Common concerns (and how to address them directly)
The objections to AI in government translation are valid—so handle them with controls, not slogans.
“What about hallucinations or added information?”
Generative models can introduce details. Your defense is process:
- “Don’t add new info” as a rule
- Structured formatting that mirrors source text
- Mandatory review for Tier 1 and Tier 2
- Automated checks for numbers/dates
“Will this replace professional translators?”
It shouldn’t. The stronger argument is workforce modernization:
- Translators spend less time on repetitive first drafts
- More time goes to review, nuance, cultural accuracy, and consistency
- Agencies can cover more content categories that currently go untranslated due to budget constraints
“Is it secure?”
Security depends on how it’s deployed and governed:
- Approved tools/accounts, not personal logins
- Clear data-handling rules
- Audit trails for who translated what and when
- Procurement and IT security review aligned to state policies
Government doesn’t get credit for trying; it gets judged on outcomes and safeguards.
A practical rollout plan for agencies considering AI translation
A good pilot is narrow, measurable, and designed for real adoption. If you’re planning a similar initiative, here’s a rollout sequence that works.

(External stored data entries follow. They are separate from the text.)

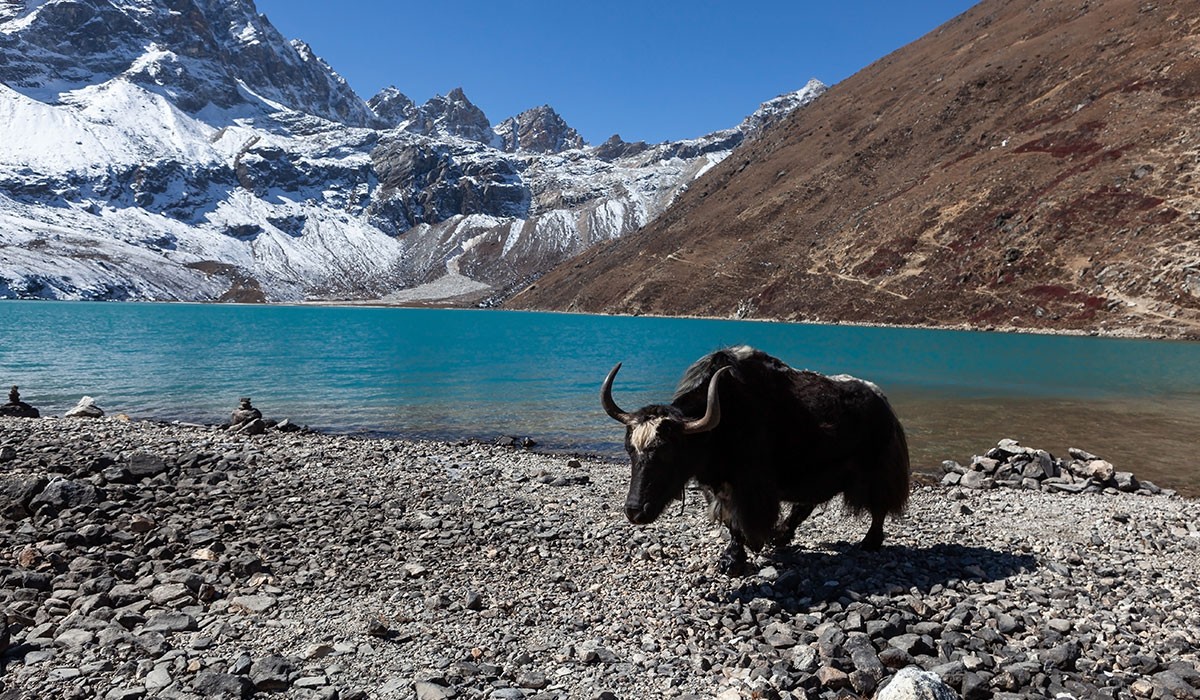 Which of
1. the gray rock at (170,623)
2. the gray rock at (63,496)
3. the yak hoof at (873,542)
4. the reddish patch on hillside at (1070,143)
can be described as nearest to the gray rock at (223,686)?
the gray rock at (170,623)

- Pick one service line with steady volume (e.g., benefits FAQs, licensing instructions)
- Define languages based on demand and equity goals
- Create a glossary + style guide (tone, reading level, program terms)
- Stand up the workflow: AI draft → linguist review → program approval → publish
- Measure before/after: turnaround time, revision rate, user support impact
- Expand by risk tier rather than expanding by enthusiasm
This is how you go from “interesting demo” to digital government transformation.
Where this fits in the AI in Government & Public Sector series
Translation is one of the clearest examples of AI improving accessibility in public digital services. It’s not abstract. It’s visible to residents the moment they can finally read a notice, understand a requirement, or complete an application without a family member acting as an interpreter.
Minnesota’s approach—using ChatGPT as part of an enterprise translation function—signals something bigger than a single tool choice: public institutions are starting to treat AI as shared infrastructure for service delivery.
If you’re responsible for citizen communications, the forward-looking question isn’t “Should we use AI?” It’s this:
How do we build a translation operation that keeps up with real life—while protecting accuracy, privacy, and trust?